In Tesla’s case the shares will be split five-for-one on August 28, meaning for every one that an investor owns, they will have five after the split.

In Apple’s case it is a four for one split.

“The simple idea is to make the shares more marketable, and usually with the retail investor in mind,” says Richard Hunter, head of markets at Interactive Investor. 

Reducing the price of each share is purported to make them easier for small shareholders to buy, as well as a sign of management’s confidence in future market gains. 

“The stock split does nothing to the value of the company – for example, if you held 10 shares at a price of £1,000, after a 100 for 1 split the price would be amended so that you might now own 1000 shares at the new price of £10,” says Hunter.

“It is therefore seen as a psychological move, helping investors get more ‘bang for their buck’, although nothing has changed.”

It is only the price that changes not the value of your total shareholding nor the value of the business as a whole. And no new money is raised.

In Hunter’s above example, an investor with £10,000 to invest would be buying 1,000 shares post-split, as opposed to just 10 shares pre-split.

With a surge to almost $1,500 in early trading for Tesla on Wednesday, buying a single the electric car manufacturer’s shares would still set you back close to US$300 after the five-for-one split. 

Apple’s stock trades for not far off US$450, so will move to below US$115 after the stock split.

The other side of the coin, so to speak is the reverse stock split, or share consolidation, which London-listed Hammerson PLC (LON:HMSO) is planning.

This, like the name implies, will reduce the number of shares and therefore lift the share price, but again, not change the valuation. 

Hammerson, an embattled shopping centre developer, is planning the manoeuvre in conjunction with a rescue rights issue, with the consolidation resulting in “a more appropriate issue price”.

Just window, dressing, in other words. 

Why now?

Before the turn of the millennium, it was common for companies to split their shares whenever they rose above US$100.

But stock splits by big US companies tailed off after the dotcom bubble burst in 2000.

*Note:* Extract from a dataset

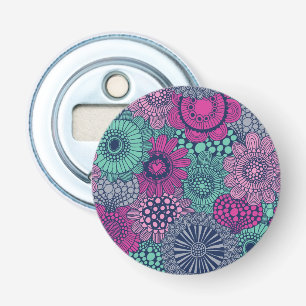 Abrebotellas Diseño elegante y luminoso de flores preciosas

“There is a view,” says Russ Mould, investment director at AJ Bell, “that you tend to see more stock splits as we near the top of a bull run, as companies look to find incremental buyers for their shares by cutting the price (but not the valuation) with what is really nothing more than a bit of an optical illusion or window-dressing.” 

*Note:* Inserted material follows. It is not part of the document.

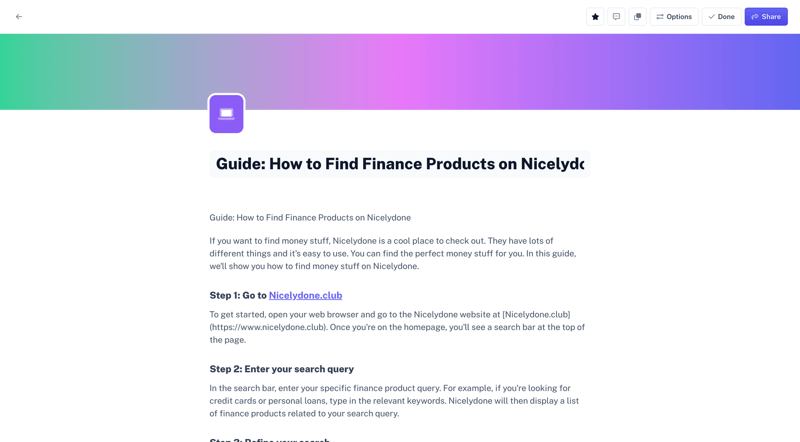 Scribe
			    ux ui design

Talking of bull runs, the Nasdaq Composite is up 20% in the year to date, despite economies going into recession around the world due to the coronavirus pandemic. 

Intriguingly, Mould points to another simultaneous trend that old-timers will point to.

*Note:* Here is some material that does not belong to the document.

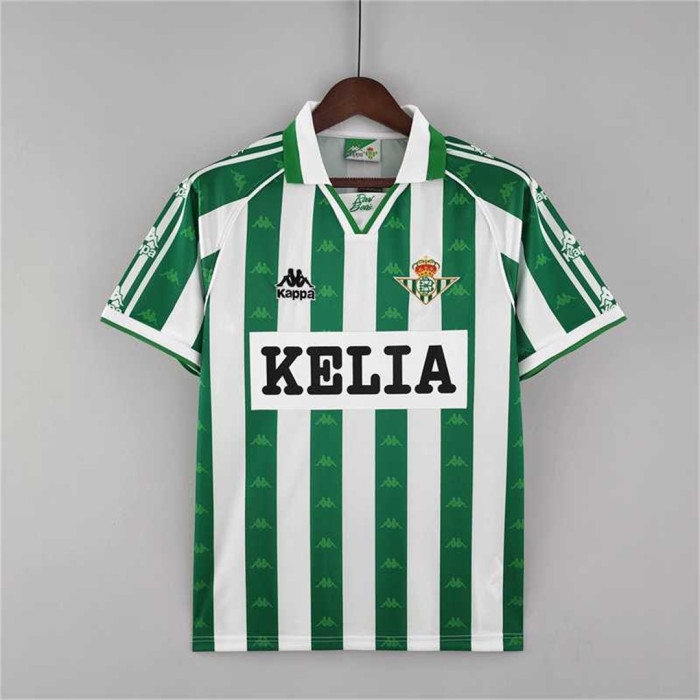 Retro Jersey 1996-1997 Real Betis Home Soccer Jersey Vintage Football Shirt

“A potential warning sign is also becoming more prevalent at the same time, namely the rise of SPACS in the USA.” 

Special-purpose acquisition companies, so-called ‘blank-cheque’ acquisition vehicles, have raised $23.9bn so far in 2020, already 70% higher than the prior record of 2019, or one in every five dollars raised by IPO this year, according to data from Refinitiv.

Says Mould: “That investors are willing to give cash to management teams to invest without knowing what they are going to buy would suggest confidence is high and animal spirits are running – just the sort of conditions which can see poor allocation of capital (wrong target, wrong price or both), which is in turn often an early sign that trouble is going to be brewing somewhere down the line.”